Provided data.
>>>>
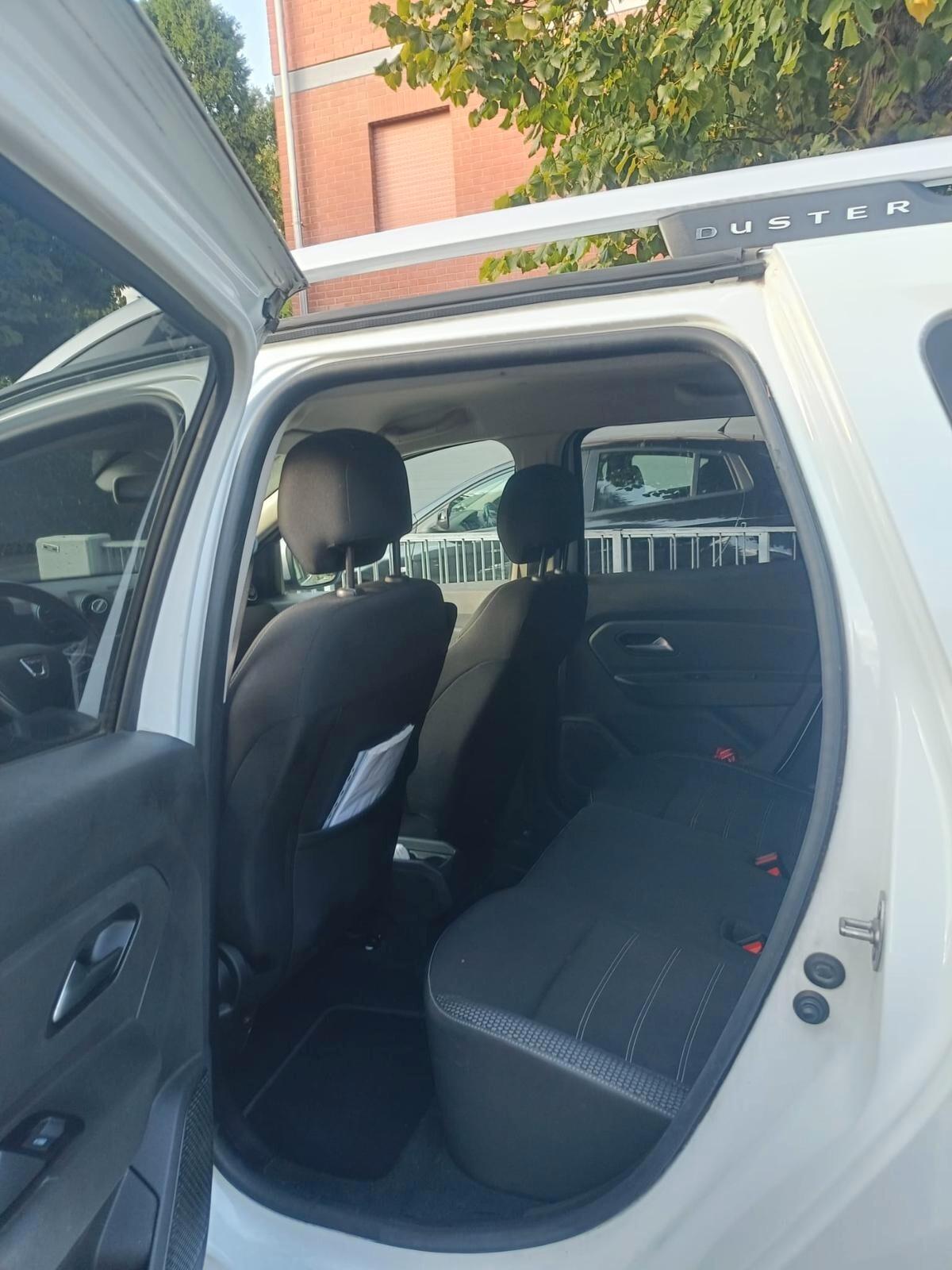 Dacia Duster TDI 4X4 (IN ARRIVO) PRESTIGE FULL OPTIONAL-2018 KM 95000-UNICO PROPRIETARIO-TAGLIANDATA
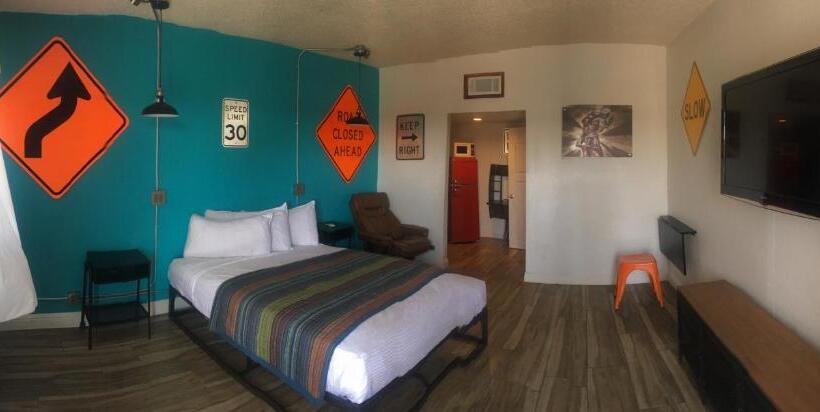 סוויטה, Desert Hills Motel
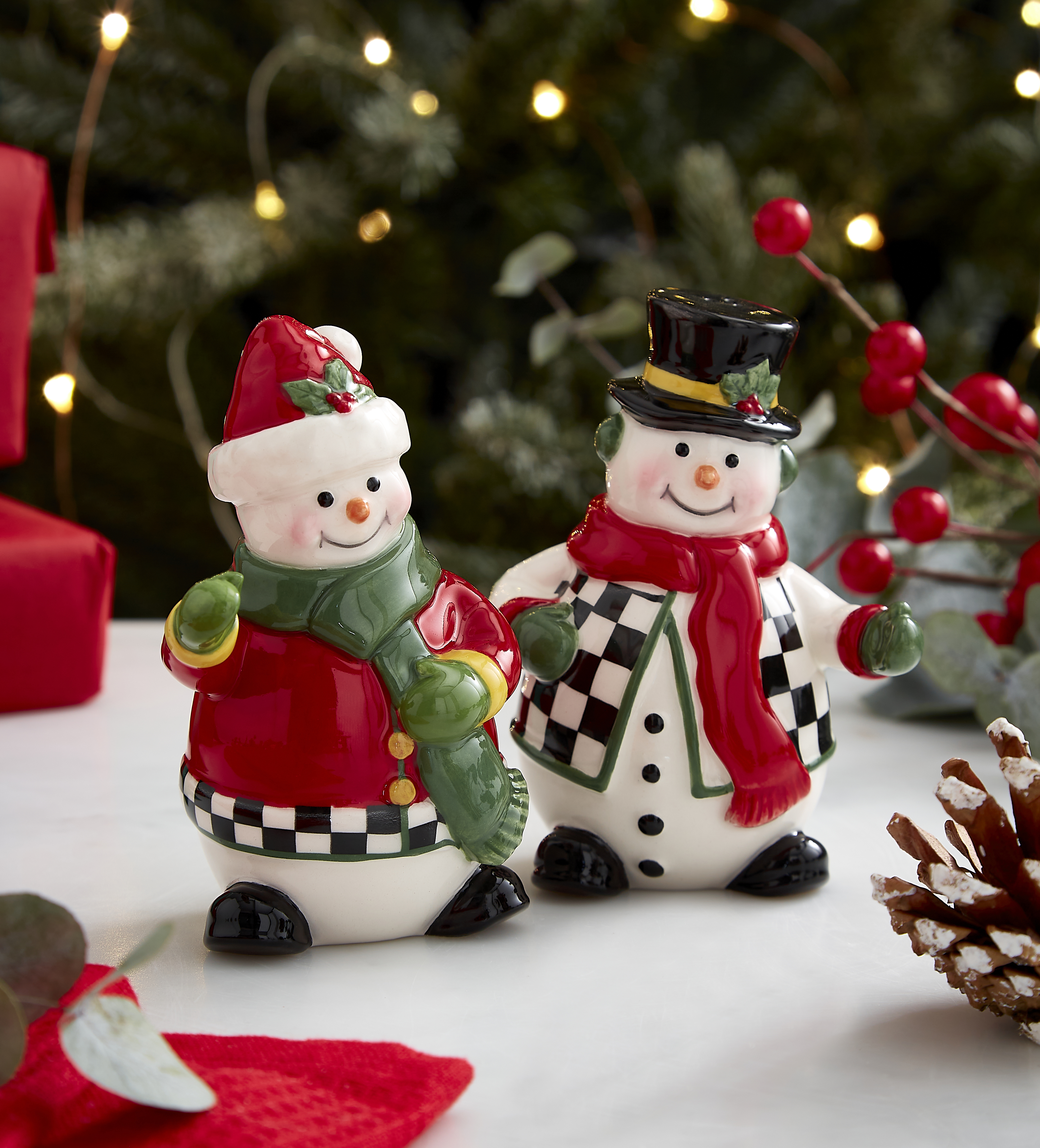 Christmas Tree Figural Snowman Salt and Pepper image number null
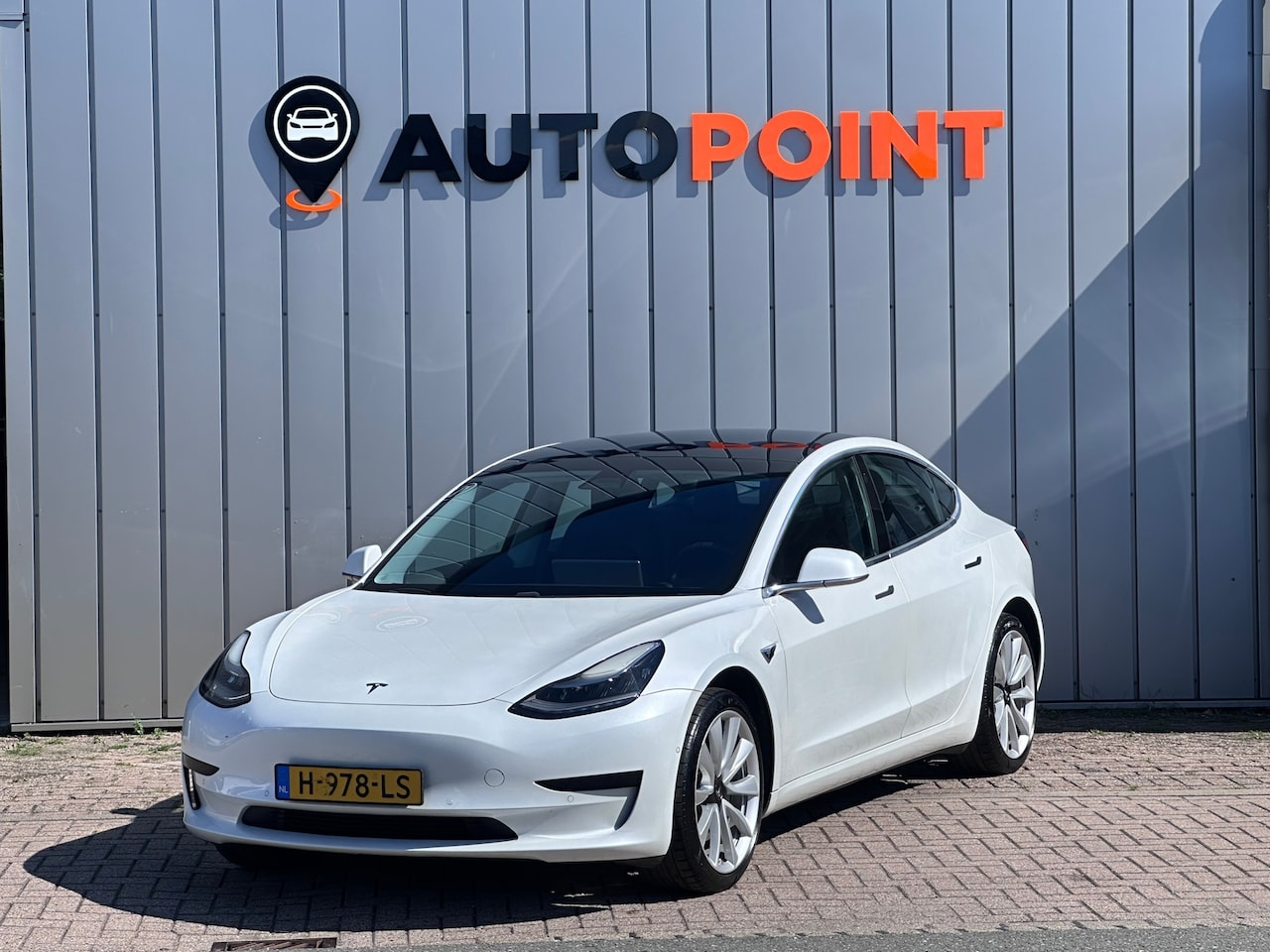 Tesla Model 3 - Standard RWD Plus 60 kWh DEALER OND 1 EIGENAAR - AutoWereld.nl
<<<<
What you will do.
Skip all pictures. Write out only the lines from the one containing "סוויטה, Desert Hills Motel" to the end of the listing above, inclusive, exactly as given.

Exercise solution.
 סוויטה, Desert Hills Motel
 Christmas Tree Figural Snowman Salt and Pepper image number null
 Tesla Model 3 - Standard RWD Plus 60 kWh DEALER OND 1 EIGENAAR - AutoWereld.nl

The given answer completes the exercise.